──────── EXERCISE DATA ────────

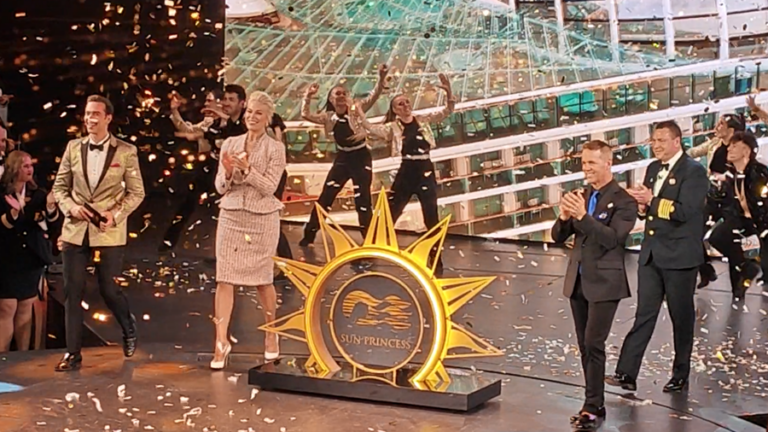 Sun Princess: “Chuva de estrelas” marcou cerimónia de batismo do maior navio da Princess Cruises em Barcelona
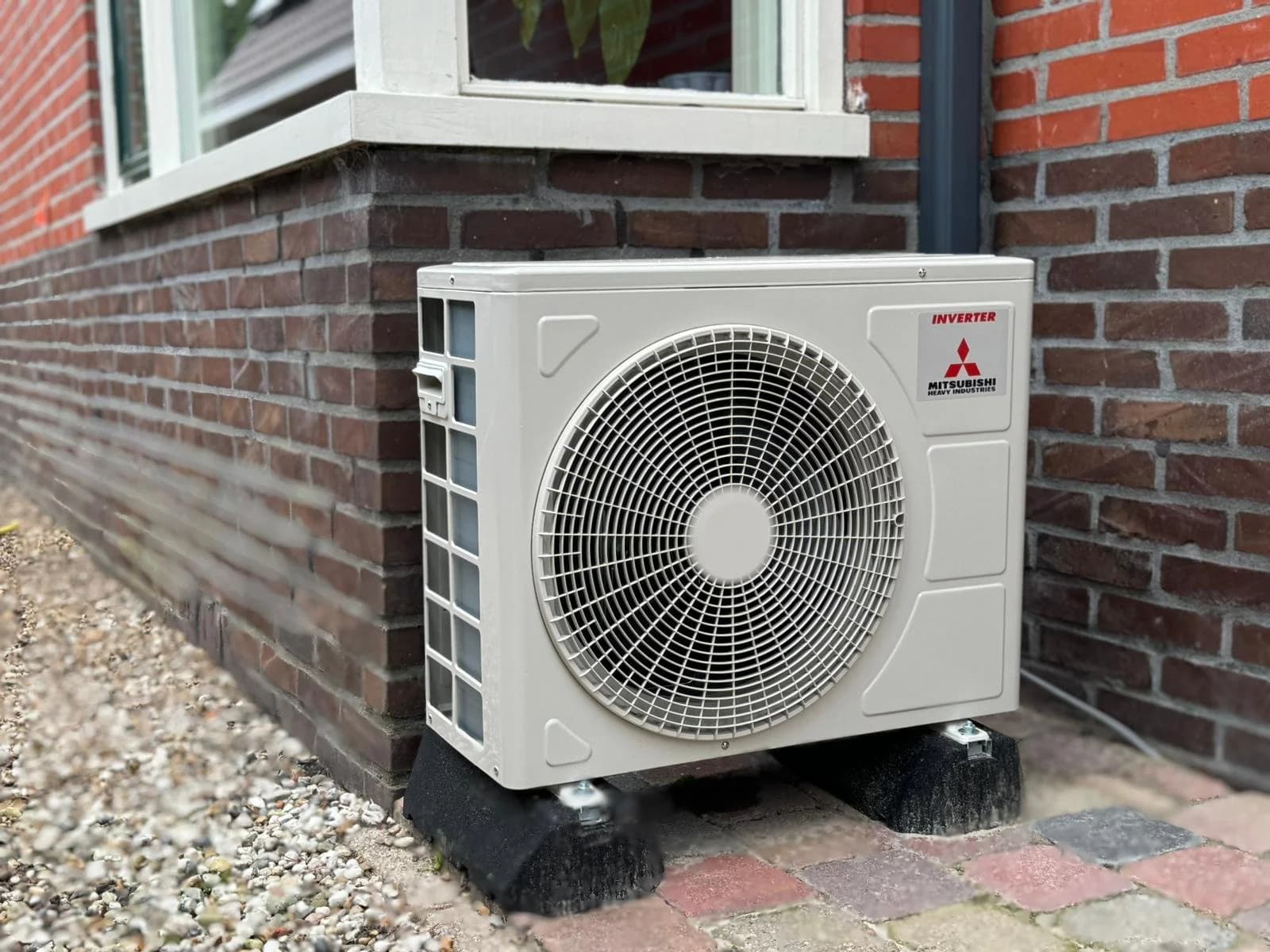 Mitsubishi airco-buitenunit geïnstalleerd aan een woning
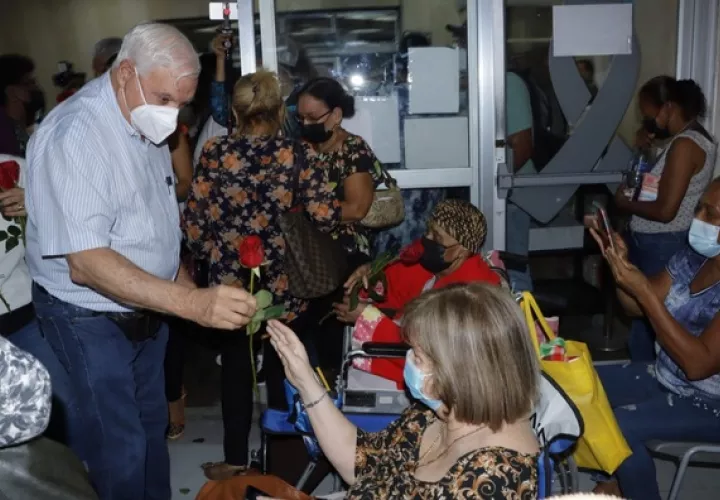 Ricardo Martinelli lamentó las precarias condiciones en las que se encuentra el Oncológico. Foto: Víctor Arosemena 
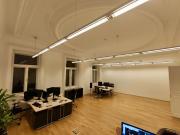 Moderner & stilvoller Arbeitsplatz in hochwertiger...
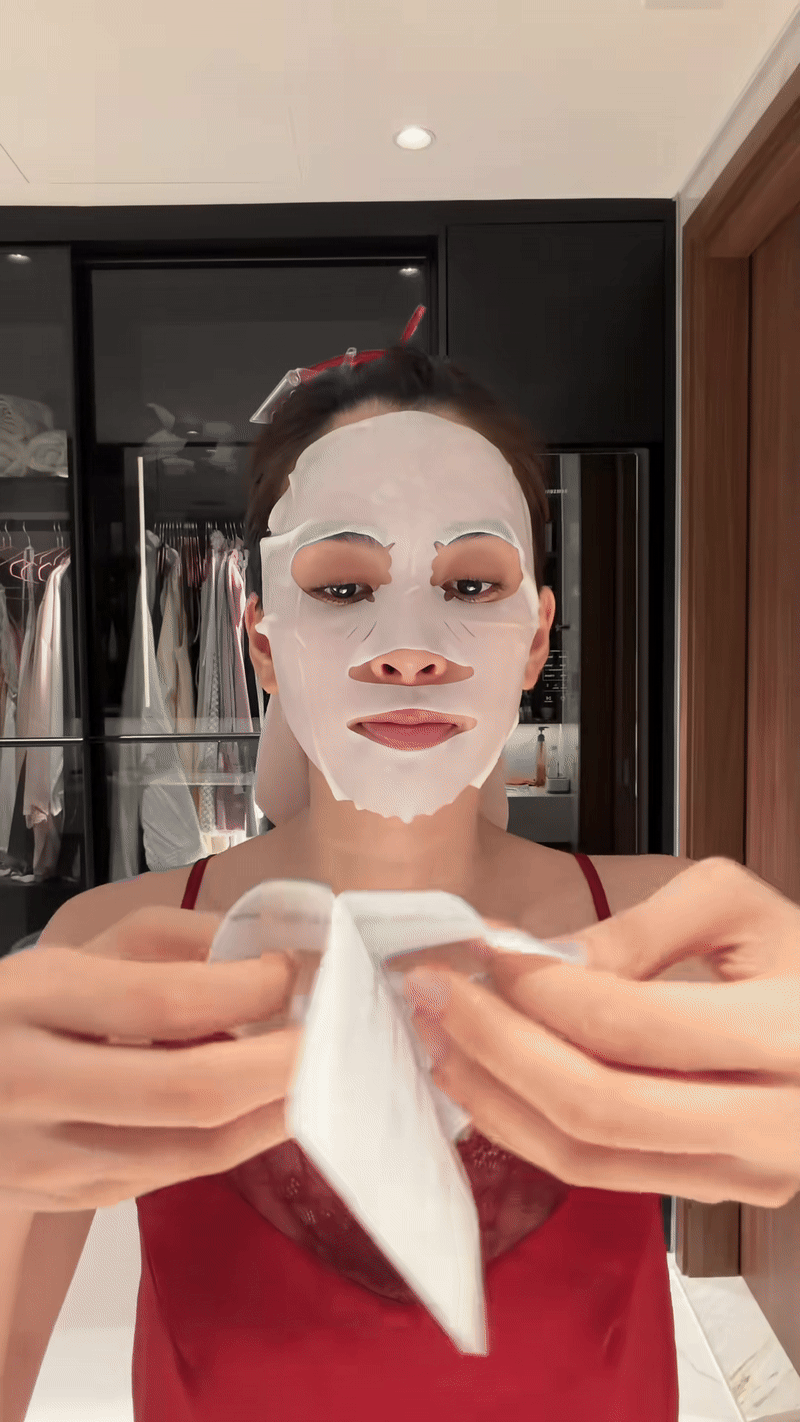 Makeup suốt mà da vẫn căng mướt: Tiểu Vy skincare cực kỹ, tập trung 1 điều chị em nào cũng sợ- Ảnh 4. Makeup suốt mà da vẫn căng mướt: Tiểu Vy skincare cực kỹ, tập trung 1 điều chị em nào cũng sợ- Ảnh 4.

────────

ACTIVITY:
Leave out every picture, and repeat word for word only the lines from the one holding "Ricardo Martinelli lamentó" through the end of the entries above, both ends included.

RESPONSE AREA:
 Ricardo Martinelli lamentó las precarias condiciones en las que se encuentra el Oncológico. Foto: Víctor Arosemena 
 Moderner & stilvoller Arbeitsplatz in hochwertiger...
 Makeup suốt mà da vẫn căng mướt: Tiểu Vy skincare cực kỹ, tập trung 1 điều chị em nào cũng sợ- Ảnh 4. Makeup suốt mà da vẫn căng mướt: Tiểu Vy skincare cực kỹ, tập trung 1 điều chị em nào cũng sợ- Ảnh 4.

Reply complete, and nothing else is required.